WHAT THE TASK REQUIRES :: From the records below, print only the part that opens with the line containing "Cortina Para Box" and closes with the line containing "Location Map of Hasmukh Nagar, Mumbai"; omit the pictures.

SUPPLIED MATERIAL ::
=== Begin Enclosure ===

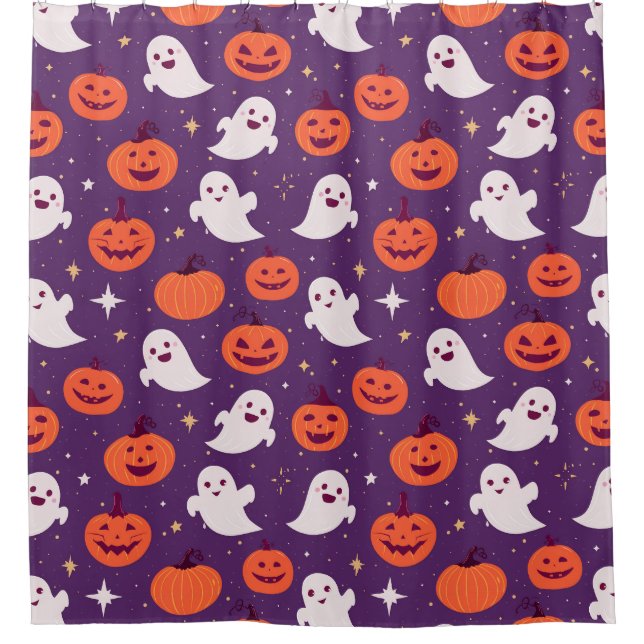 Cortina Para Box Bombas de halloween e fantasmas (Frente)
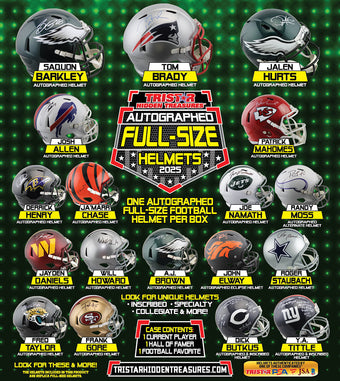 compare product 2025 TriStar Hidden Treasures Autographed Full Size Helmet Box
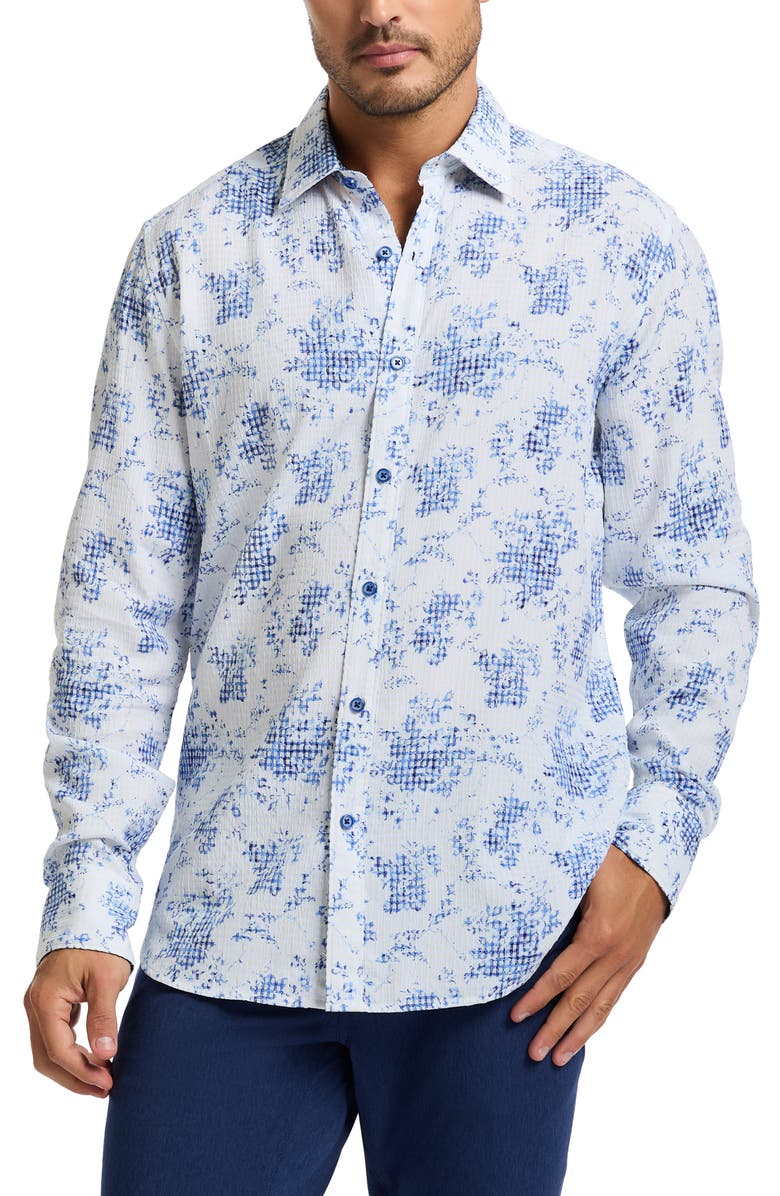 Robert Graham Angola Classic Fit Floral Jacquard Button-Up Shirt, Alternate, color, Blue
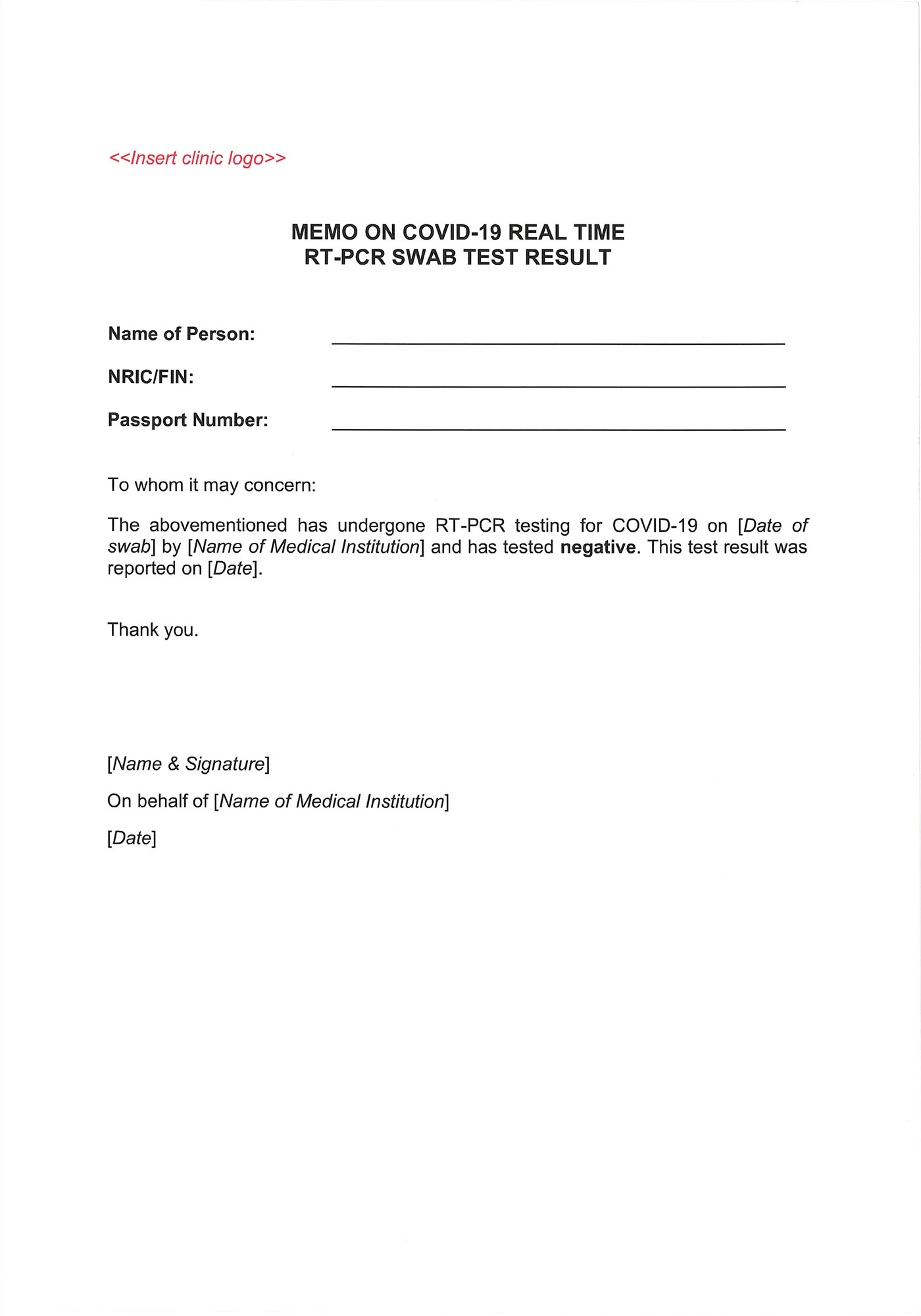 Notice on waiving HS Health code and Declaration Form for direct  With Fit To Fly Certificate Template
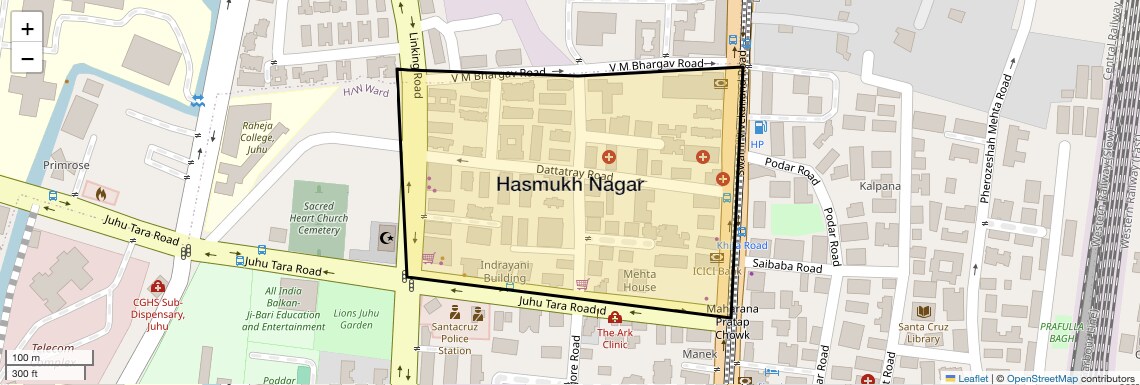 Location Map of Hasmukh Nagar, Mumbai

=== End Enclosure ===
=== Begin Enclosure ===

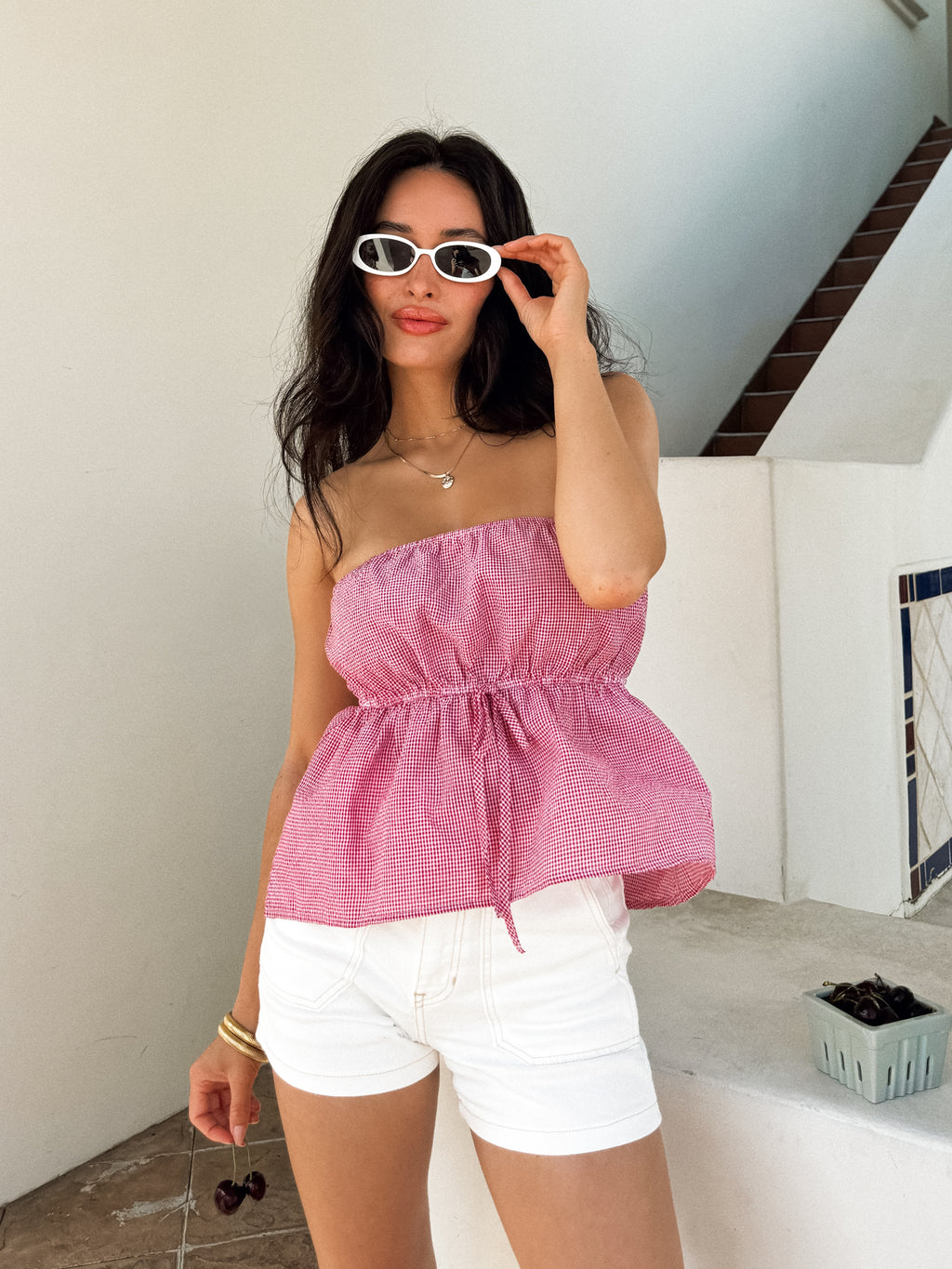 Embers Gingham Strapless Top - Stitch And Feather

=== End Enclosure ===
=== Begin Enclosure ===

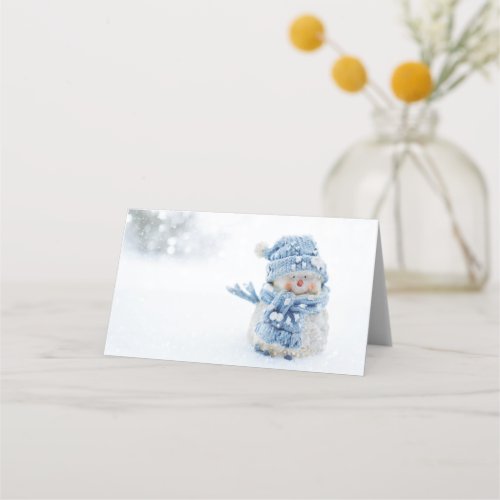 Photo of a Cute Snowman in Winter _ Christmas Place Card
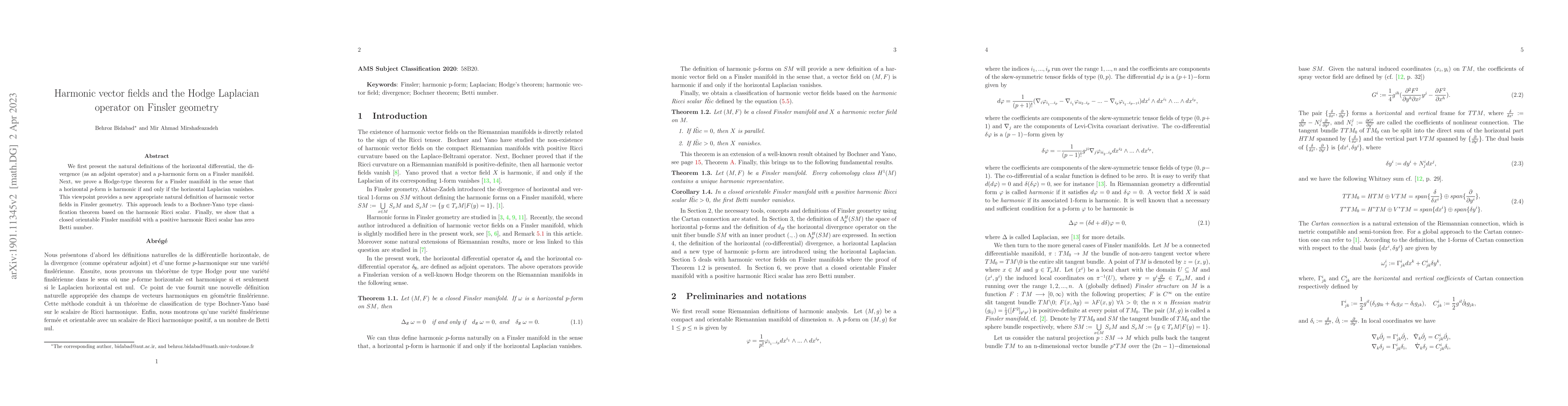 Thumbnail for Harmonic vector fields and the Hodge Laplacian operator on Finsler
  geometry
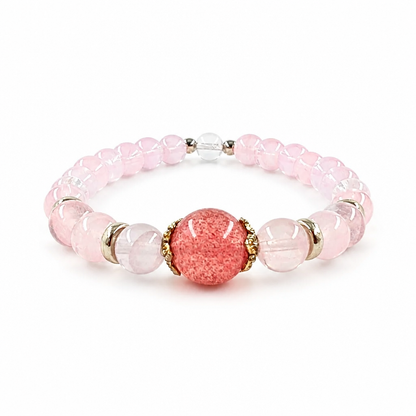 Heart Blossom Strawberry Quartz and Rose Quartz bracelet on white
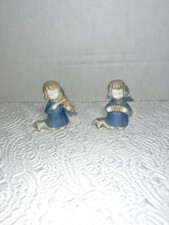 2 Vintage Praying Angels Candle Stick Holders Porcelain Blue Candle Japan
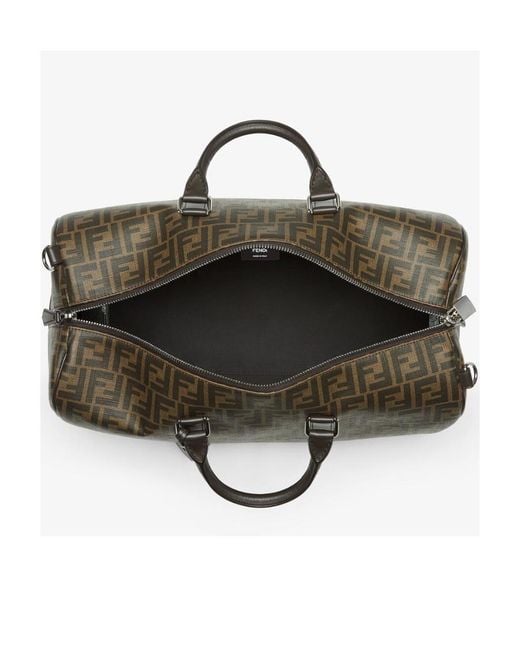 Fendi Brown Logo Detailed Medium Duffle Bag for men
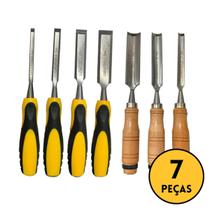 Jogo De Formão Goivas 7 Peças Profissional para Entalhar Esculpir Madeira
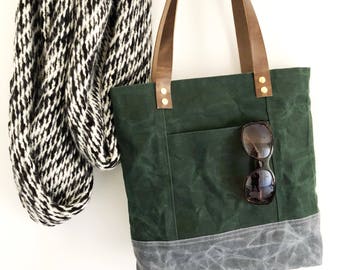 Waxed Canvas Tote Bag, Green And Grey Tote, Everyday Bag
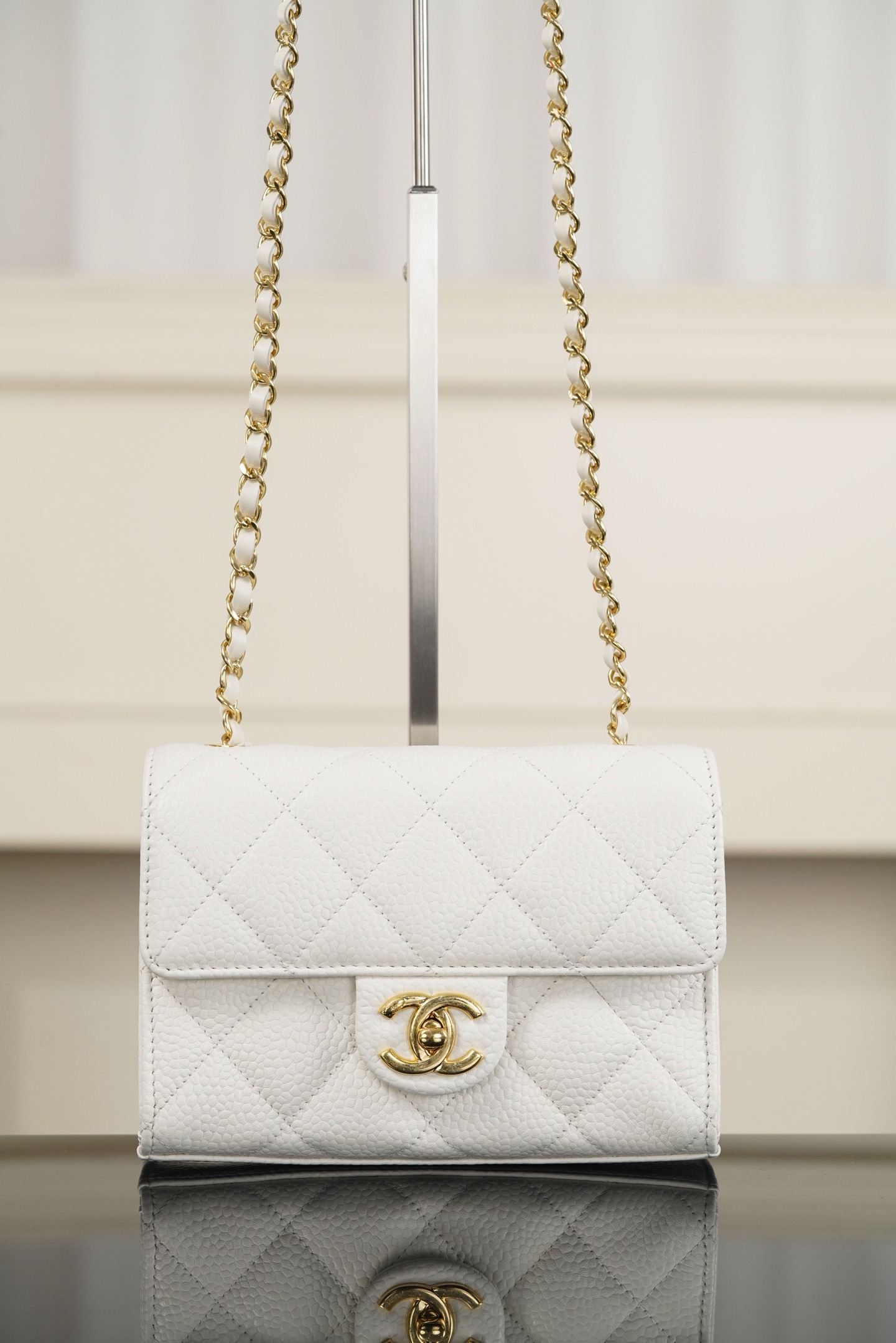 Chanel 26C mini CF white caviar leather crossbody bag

=== End Enclosure ===

THE ANSWER ::
 Cortina Para Box Bombas de halloween e fantasmas (Frente)
 compare product 2025 TriStar Hidden Treasures Autographed Full Size Helmet Box
 Robert Graham Angola Classic Fit Floral Jacquard Button-Up Shirt, Alternate, color, Blue
 Notice on waiving HS Health code and Declaration Form for direct  With Fit To Fly Certificate Template
 Location Map of Hasmukh Nagar, Mumbai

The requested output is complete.